Once a match is found, the returned index will be different than the input index. At this point, the scanner will decide whether this pattern is needed by a parser (or another step that uses the scanner output). If the pattern is important, a token is produced. If the pattern is not important the lexeme is still recorded, but no token is produced.

The scanner then restarts the loop with the first DFA. Restarting the loop preserves the order of importance of DFA rules. It also enables the creation of simpler DFAs with fewer branches.

Examples of Scanner Output

Now that we have covered how to build a scanner. Let’s examine the output it will produce. Consider the following example:

let x = 3
let y = x + 2 * (9 - x)

When we run the scanner, it will produce 28 lexemes.

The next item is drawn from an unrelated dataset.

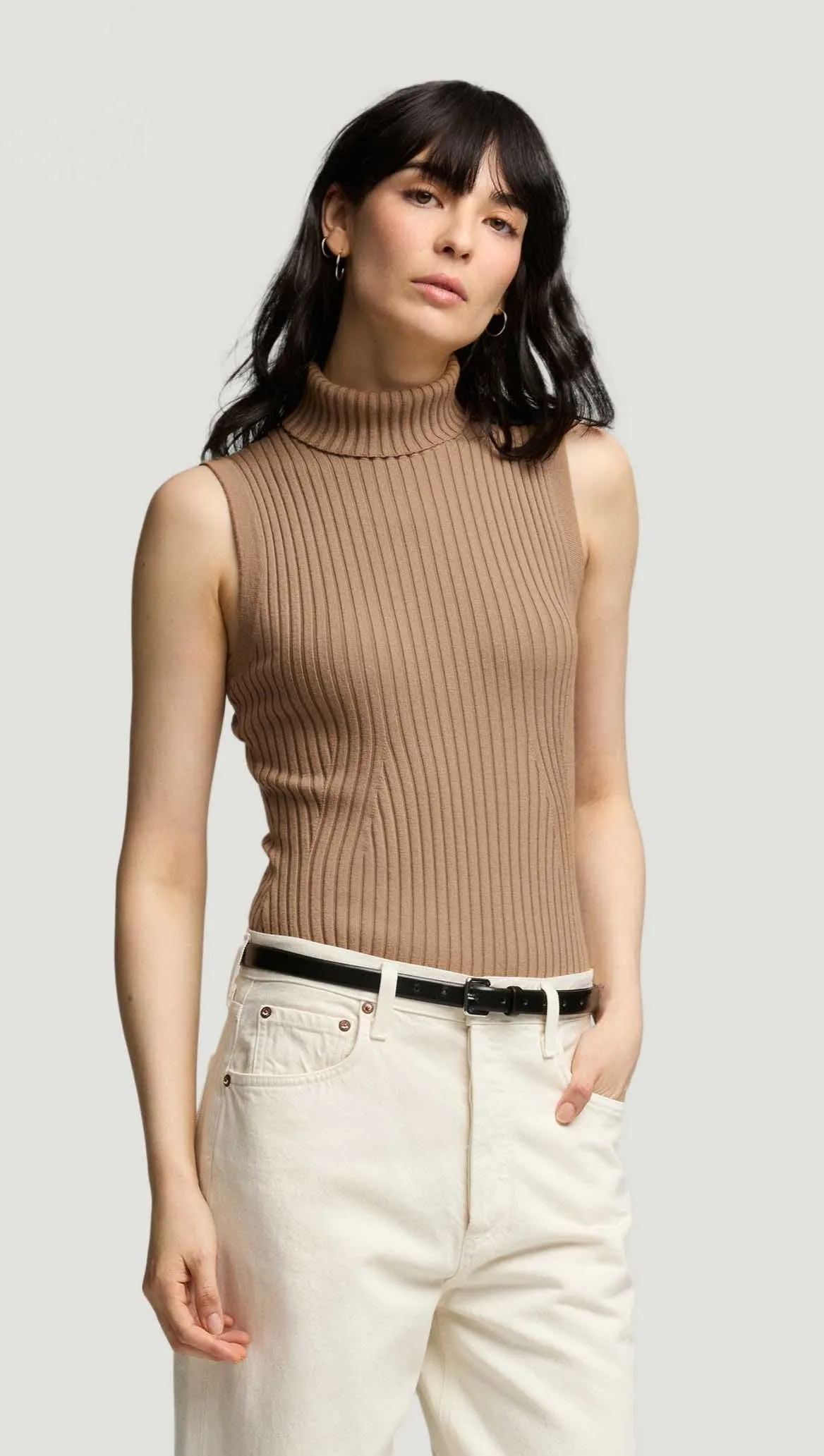 Sleeveless Turtleneck in Stretch Wool | Camel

Each lexeme records the starting position within the input text and the index that is one passed the end.

As the scanner produced the lexemes, it also decided which were relevant to later steps. In the programming language I am implementing, whitespace is not needed for parsing. Therefore, it is excluded from the set of tokens. To track where one line ended and another began, a special EOL (end of line) token is inserted at the end of each expression. In the end, the scanner produced 18 tokens from the 28 lexemes.

Performance Tests

When processing lots of text it’s important to do so as quickly as possible. To put the scanner through its paces, I used a series of long C header files. The headers come from the STB library.

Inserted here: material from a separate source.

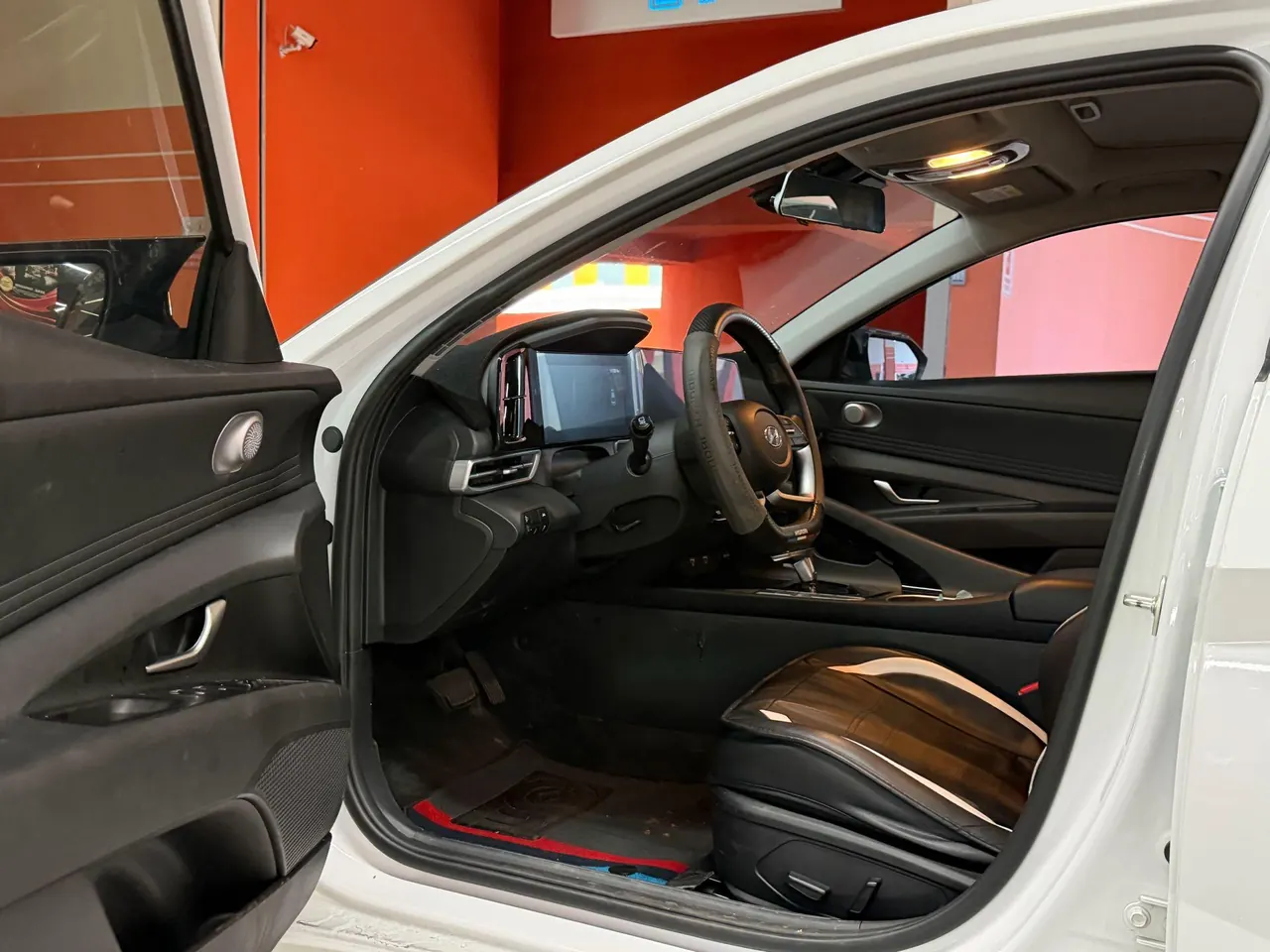 Hyundai 2022 Elantra -3-compartment 1.5 stepless LUX premium automatic gear 4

The performance test is not a rigorous benchmark, but it gives a rough estimate for the scanner performance. All times are measured using wall clock time. I had other things running on my machine and no effort was made to prioritize the scanner. For each file, 30 tests were run to produce the average and standard deviation. The test was performed on an Intel I7 processor at 2.60 GHz.

Performance metric for the scanner.
Figure 4: Performance analysis of the scanner — by author

This article is part of an ongoing series about compilers. The goal is to produce a new programming language. Next, we will cover how to produce a scoped symbol table which is required to build a parser.

Next in Series: Implementing a Scoped Symbol Table (coming soon)
Previous in Series:
Inside a Compiler
Series Overview:
Creating a Safe Language

Code for this article and the compiler series is available on GitHub.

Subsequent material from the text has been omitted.